Given information Start Marker
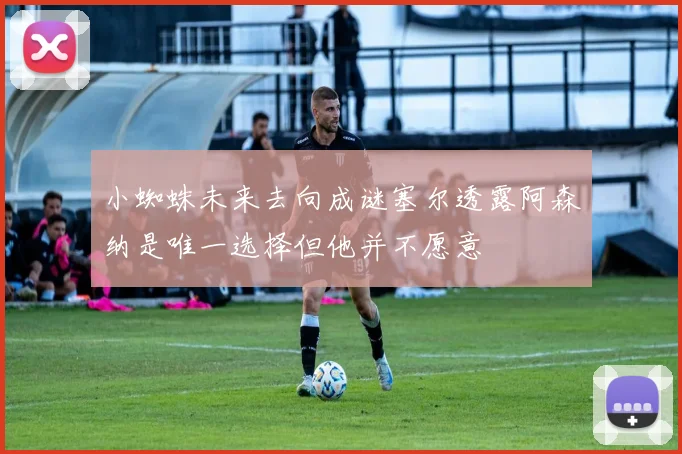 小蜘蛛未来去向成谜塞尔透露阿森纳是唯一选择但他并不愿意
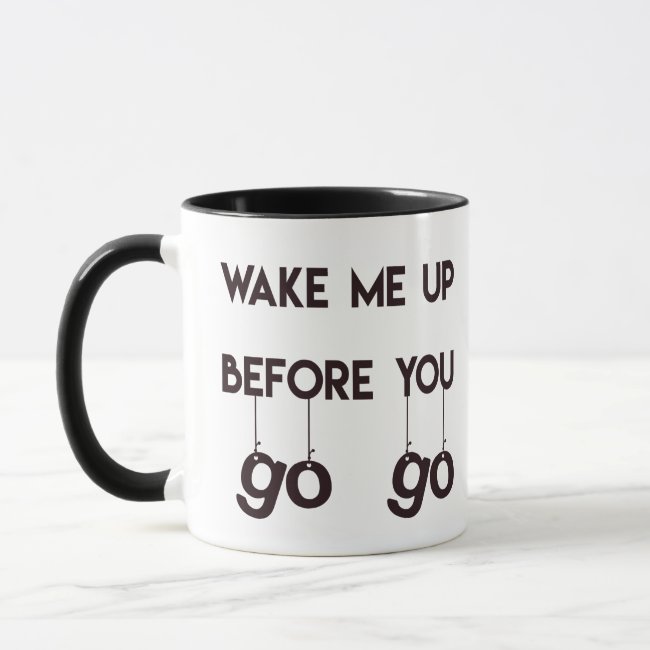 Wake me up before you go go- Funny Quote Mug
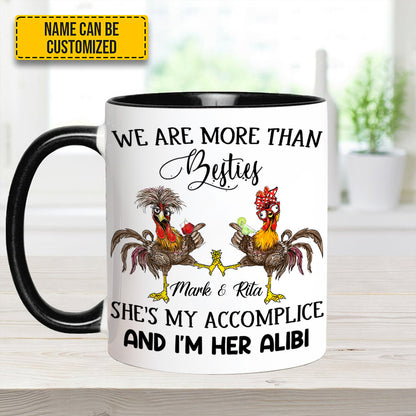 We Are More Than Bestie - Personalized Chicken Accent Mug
Given information End Marker
# The problem
Word for word, return the material, omitting the pictures.

# Your solution
 小蜘蛛未来去向成谜塞尔透露阿森纳是唯一选择但他并不愿意
 Wake me up before you go go- Funny Quote Mug
 We Are More Than Bestie - Personalized Chicken Accent Mug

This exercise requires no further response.